14. Le mercredi 23 mai 2012, 15:55 par Sacrip'Anne

Madleine, yep ;) Bisous.

Loulou, y a des phases comme ça où tout converge...

15. Le mercredi 23 mai 2012, 20:55 par julio

Je fais partit de ses personnes qui restante je ne sais pas dire les mots exacte, joie trouble quand je voie cette amour total. Tu sais quand tu te promène en ville ou au centre commercial et que tu observe involontairement une mère et sont petit enfant, ils sont complice d’amour et moi ça me donne de l’espoir, j’ai foi en l’humain ! Tu puisses bien en toi pour transmettre de toi et sais bien beau je trouve !

16. Le jeudi 24 mai 2012, 09:04 par Sacrip'Anne

Merci Julio, ça me touche beaucoup. C'est ce que je disais à mon Enchanteur, mardi, quand on sent l'universalité de ce sentiment, on a un peu plus de foi en l'humanité. ;)

17. Le jeudi 24 mai 2012, 09:19 par Luce Luciole

ça nous semble si évident, si naturel, nous qui l'éprouvons, oui, dans toute notre chair. Mais je ne peux oublier que si à travers le monde il y a d'autres femmes qui éprouvent cela pour leur enfant, d'autres absolument pas. Il y a des femmes qui sacrifient leur enfant pour elle même, qui se cachent derrière, et moi non plus je ne parle pas de circonstances du quotidien. Je trouve important de savoir que ce n'est pas si évident, si naturel, si universel que ça. Parce que c'est une chance supplémentaire de savoir qu'on parvient à éprouver cet attachement si particulier pour notre enfant, quand d'autres n'y parviennent pas. c'est une chance pour nous et pour nos enfants. C'est une chance pour toi et pour cro-mi.

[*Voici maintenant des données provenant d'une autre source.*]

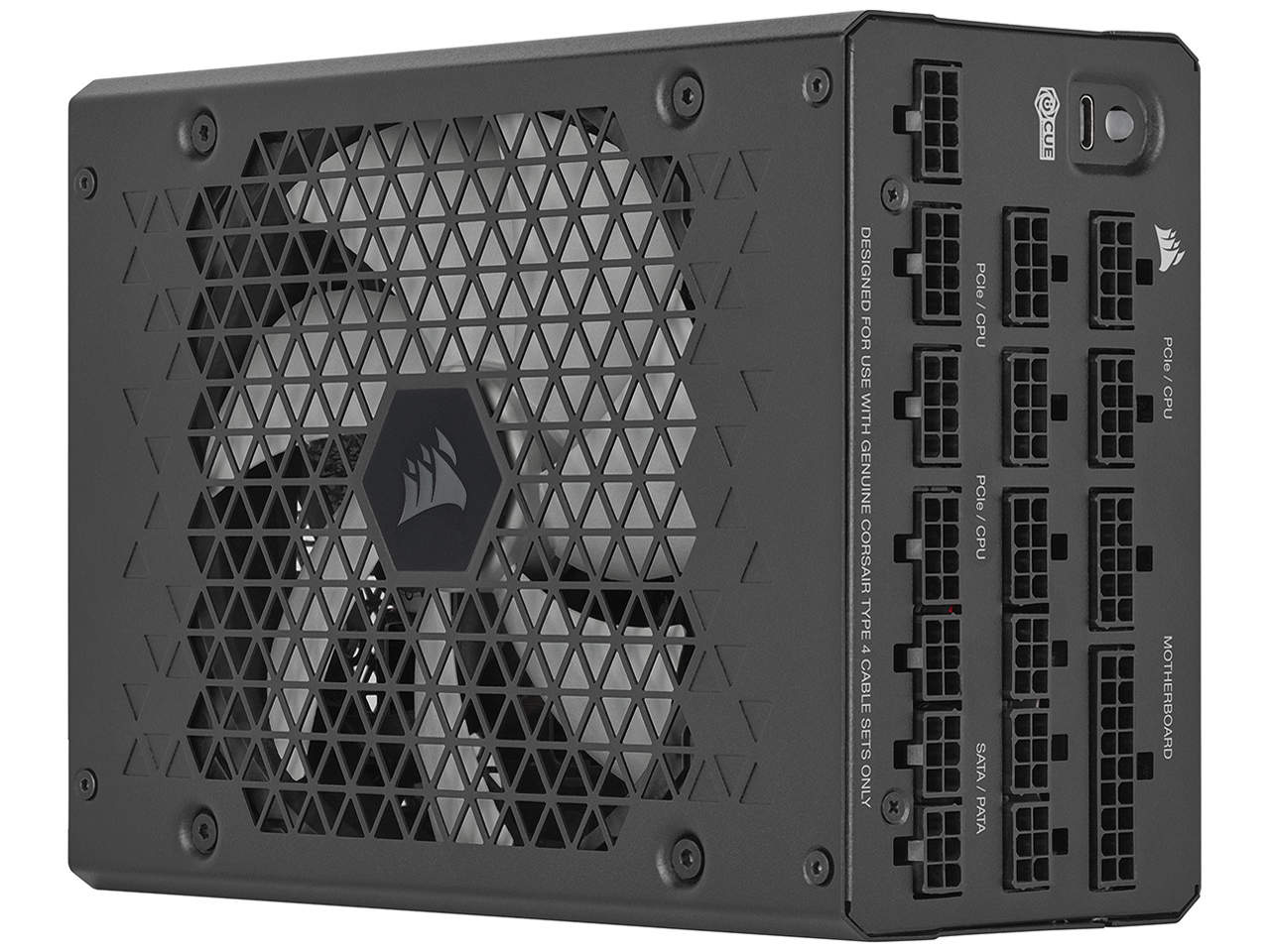 HX1500i 2022 CP-9020215-JP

Quand le chemin sera fait, il lui restera sans doute le gout de la bataille pour la vie, c'est une grande force que d'avoir ce gout là. Je parle en connaissance de cause ;)

je vous embrasse

18. Le jeudi 24 mai 2012, 09:46 par Sacrip'Anne

Oui ma Luce, tu as raison. Disons que dans la vie, je suis plus facilement fascinée par "ce qu'on partage" que par "ce qu'on ne partage pas", quand ça touche à quelque chose comme ça.

J'espère aussi, que ça lui restera :)

Vivement vite ! Je t'embrasse aussi !

19. Le jeudi 24 mai 2012, 19:09 par K

"Je suis heureuse d'être sa mère, et heureuse que ça soit elle ma fille". T'as raison !
ben tu vois, je suis heureux d'être leur père et "de comme elles sont" mes trois filles :)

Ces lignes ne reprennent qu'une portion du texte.